I am going to Sam's today and I want to buy two twenty five pound bags of bread flour. I want to put them in a trash bag and store them in our freezer. Is that a good idea or not? Thanks for the help. Jim


----------



## #1 WV BonBonQueen (Sep 16, 2018)

jim/se kansas said:


> I am going to Sam's today and I want to buy two twenty five pound bags of bread flour. I want to put them in a trash bag and store them in our freezer. Is that a good idea or not? Thanks for the help. Jim


I have flour stored in my freezer and it has been there for a couple of years, and is still good.

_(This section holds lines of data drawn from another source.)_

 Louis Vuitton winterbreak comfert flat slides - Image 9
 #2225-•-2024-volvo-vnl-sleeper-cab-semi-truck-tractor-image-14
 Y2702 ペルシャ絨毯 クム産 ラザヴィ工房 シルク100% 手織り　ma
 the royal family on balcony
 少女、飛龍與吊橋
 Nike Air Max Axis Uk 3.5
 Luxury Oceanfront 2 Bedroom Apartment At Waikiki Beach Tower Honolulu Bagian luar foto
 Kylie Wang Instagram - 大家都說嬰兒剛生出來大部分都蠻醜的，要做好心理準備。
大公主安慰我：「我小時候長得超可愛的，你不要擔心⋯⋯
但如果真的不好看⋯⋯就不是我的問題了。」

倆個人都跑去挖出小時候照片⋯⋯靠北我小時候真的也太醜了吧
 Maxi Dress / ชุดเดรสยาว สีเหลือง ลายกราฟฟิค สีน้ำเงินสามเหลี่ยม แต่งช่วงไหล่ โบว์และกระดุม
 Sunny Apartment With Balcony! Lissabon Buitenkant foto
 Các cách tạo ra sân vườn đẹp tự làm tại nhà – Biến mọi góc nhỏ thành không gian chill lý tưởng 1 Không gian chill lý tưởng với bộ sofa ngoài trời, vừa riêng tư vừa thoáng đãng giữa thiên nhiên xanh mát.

You just need to remember to allow it to come to room temp, before using it for bread, as if it is too cold, it will stop the yeast from working as well, or stop it all together. 
I also sift mine, after it has been stored in the freezer, because it seems to be more lumpy and I hate lumpy. lol 
But, it does last a long time. I would put it into smaller containers to keep from having to lift that cold bag out of the freezer to take out what you need. imho


----------



## Robotron (Mar 25, 2012)

Trash bags now days have deodorants and biocides applied to them. Keeps the kitchen from getting smelly. I would use something else as the DNR here in Michigan cautions against wrapping game in them for that reason.


----------



## Wolf mom (Mar 8, 2005)

Hey, you guys - you're answering a 10 year old thread.


----------



## GTX63 (Dec 13, 2016)

By this time I'm sure that flour is bad.


----------



## whiterock (Mar 26, 2003)

Maybe she oven canned it


----------



## anniew (Dec 12, 2002)

Sure do wish Hagan was still active here...


----------



## Bearfootfarm (Jul 13, 2006)

Robotron said:


> I would use something else as the DNR here in Michigan cautions against wrapping game in them for that reason.


"Lawn and Leaf" bags don't have any added chemicals.


----------